This is a proposition that I wanted to use but I can't seem to prove it. It also happens to be an exercise in Hatcher, ex. 0.13, but I couldn't find a correct solution online.
Here a 'deformation retraction' from $X$ onto a subspace $A$ means a continuous family $F$ of maps $f_t: X \rightarrow X$ for $t \in I$ with $f_0$ the identity on $X$, $f_1$ a retraction of $X$ onto $A$ and such that each $f_t$ restricts to the identity on $A$. This is sometimes called a strong deformation retraction.
The exercise says that given two such deformation retractions $F, G$ of $X$ onto $A$ there is a continuous family of deformation retractions $\mathcal{R} = \lbrace R^t$ such that the function $r(x)_s^t$ from $X \times I \times I$ to $X$ is continuous, with $R_0 = F$ and $R_1 = G$.
Appreciate any help!
First, let $F$, and $G$ be deformation retractions of $X$ onto $A$. So, $F,G: X\times I \to X$. Now, define the following continuous map $m: I\times I \to I\times I$
$$m(t,s)= \begin{cases} (t,2s) & \text{if}\ \ \ 0\le s \le 1/2\ \ \text{and}\ \ 2s\le t \le 1\\ (2(1-s), t)& \text{if}\ \ \ 1/2\le s \le 1\ \ \text{and}\ \ 2(1-s)\le t\le 1 \\ (t,t) & \text{if}\ \ \ 0\le s \le 1/2\ \ \text{and}\ \ 0\le t \le 2s \\ (t,t) & \text{if}\ \ \ 1/2\le s \le 1\ \ \text{and}\ \ 0\le t \le 2(1-s) \end{cases}$$
It is probably worth checking that $m$ is well defined. Also, take a look at what happens to the edges of the square. Now, define $H: X\times I \times I \to X$ as the composition: $$\require{AMScd} \begin{CD} X\times I \times I @>1\times m>> X\times I \times I @>F\times 1>> X\times I @>G>> X \end{CD}$$ Now, you should be able to check that $H$ satisfies the required properties.

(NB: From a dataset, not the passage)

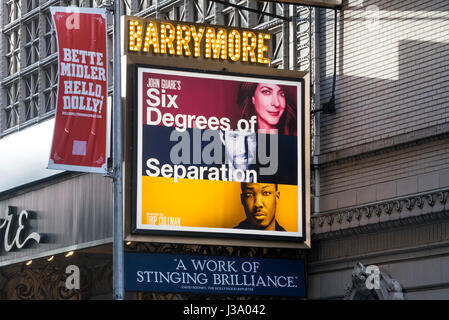 Six Degrees of Separation, ein Drama am Broadway im Barrymore Theatre Stockfoto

The idea came from looking at $G\circ (F\times 1): X\times I \times I \to X$ and noticing that this function is almost what is required already, but the homotopies are in the wrong parts of the square. Thus, the map $m$ was created to put the parts of the square in their right places.